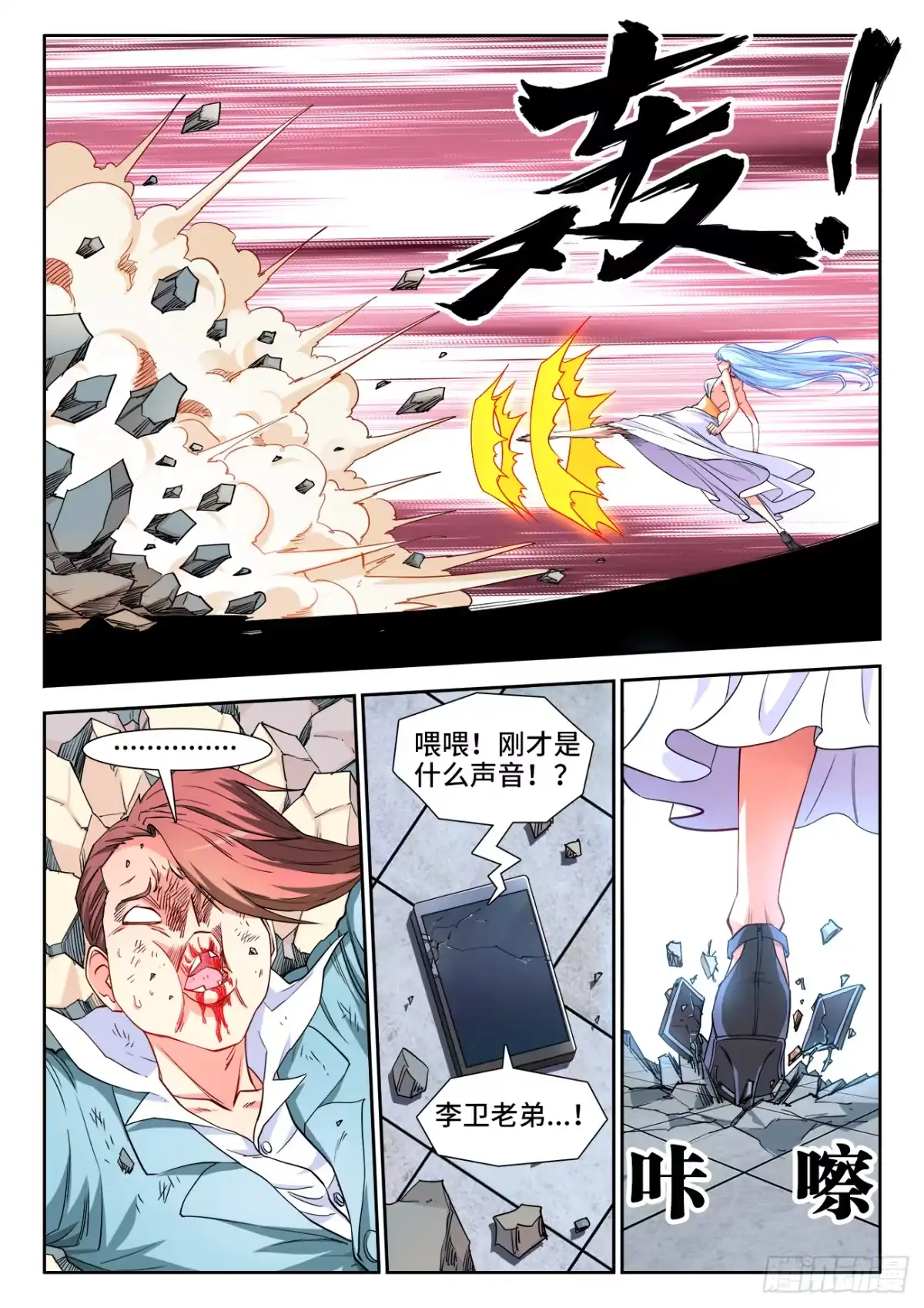《极道宗师》050、岳斌...由我来保护 第7页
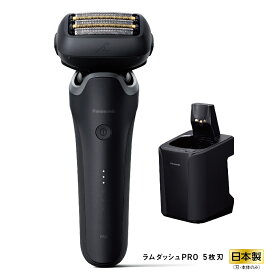 ES-L570D-K パナソニック メンズシェーバー[電気シェーバー]【5枚刃】【自動洗浄器付】（黒） Panasonic　LAMDASH PRO5（ラムダッシュ プロ5） [ESL570DK]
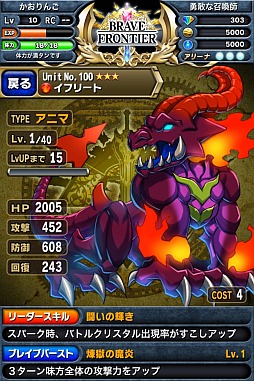 ꡼ No.019 | ե󥿥RPG֥֥쥤 եƥAndroidǤλϿ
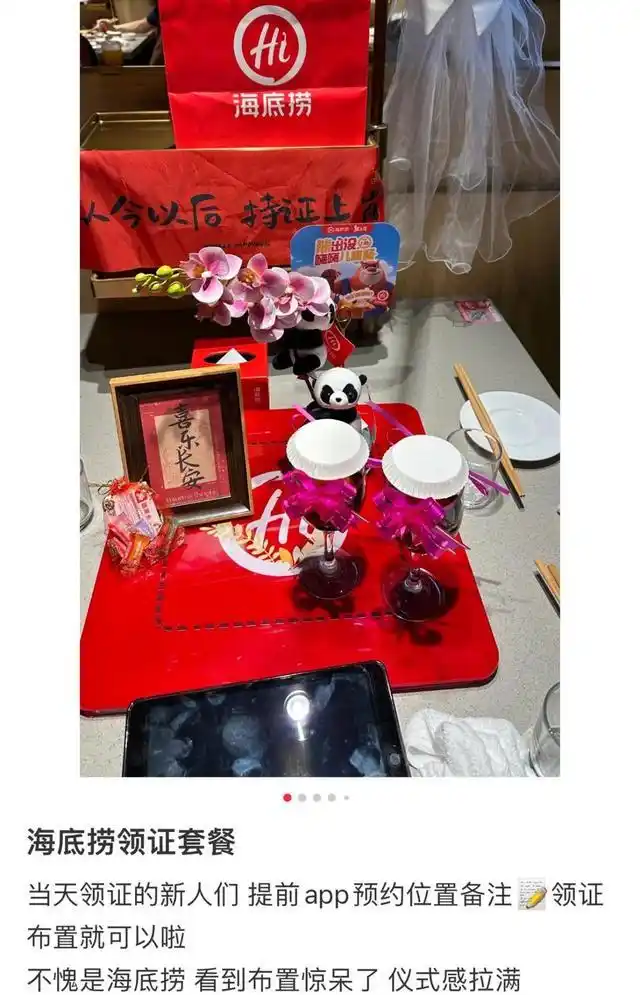年轻人最新婚礼场地：麦当劳和海底捞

· · · ·

# EXERCISE AIM
Set the whole listing down again unchanged, apart from the pictures, which are omitted.

# FINISHED EXERCISE
《极道宗师》050、岳斌...由我来保护 第7页
 ES-L570D-K パナソニック メンズシェーバー[電気シェーバー]【5枚刃】【自動洗浄器付】（黒） Panasonic　LAMDASH PRO5（ラムダッシュ プロ5） [ESL570DK]
 ꡼ No.019 | ե󥿥RPG֥֥쥤 եƥAndroidǤλϿ
年轻人最新婚礼场地：麦当劳和海底捞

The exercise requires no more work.